In average, the first 17 days of December 2009 were 0.10 °C warmer than the same days in 2008. The "2009 minus 2008" differences for the month are

{7, 12, 22, 26, 34, 34, 17, 2, -1, 2, 1, -3, 1, 3, 3, -3, 7, f, f, f, 34, 22, 17, 10, 1, -2, -9, -4, 6, 14, f}in units of 0.01 °C. Because the December 2008 UAH anomaly was just 0.18 °C, the December 2009 anomaly will be 0.28 °C plus minus 0.05 °C (standard deviation of my estimate).

**Update, January 1st, 2010**: the rest of the month had the same average anomaly.

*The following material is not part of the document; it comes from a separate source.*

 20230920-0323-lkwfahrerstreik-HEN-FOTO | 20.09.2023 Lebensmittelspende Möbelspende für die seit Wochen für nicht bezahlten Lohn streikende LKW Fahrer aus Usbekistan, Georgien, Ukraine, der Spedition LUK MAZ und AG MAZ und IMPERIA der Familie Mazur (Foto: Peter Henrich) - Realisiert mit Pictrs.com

I expect the final reading for December 2009 to be 0.28 °C plus minus 0.02 °C.

**Update, January 5th, 2010**: my preliminary Dec 19th calculation 0.28 °C was exactly correct, see WUWT.

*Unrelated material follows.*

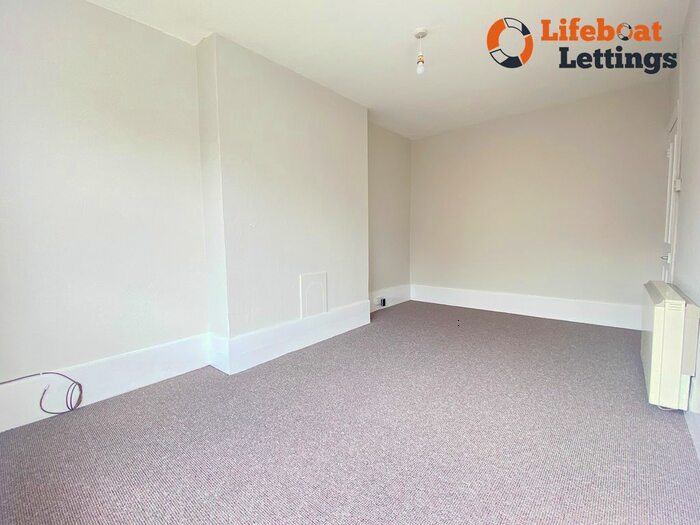 1 Bedroom Flat To Rent In St. Johns Terrace, St. Johns Church Road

To summarize, the 2009 monthly UAH anomalies are

{0.3, 0.35, 0.21, 0.09, 0.05, 0.01, 0.42, 0.23, 0.42, 0.29, 0.5, 0.28}and their average is 0.263 °C plus minus 0.005 °C which is statistically indistinguishable from 2006.

The annual UAH anomalies from 1995 to 2009 are:

{0.11, 0.02, 0.05, 0.51, 0.04, 0.04, 0.2, 0.31, 0.28, 0.19, 0.34, 0.26, 0.28, 0.05, 0.26}Among these 15 years, 2009 will be cooler than 1998, 2005, 2002, 2007, 2003, and maybe 2006, so it will be just the 6th or 7th warmest year - pretty much exactly in the middle of the last 15 years' scoreboard. A global warming trend continues to be absent despite the very strong El Nino episode that has been affecting the weather for more than half a year and that may match the 1998 El Nino of the century in the near future.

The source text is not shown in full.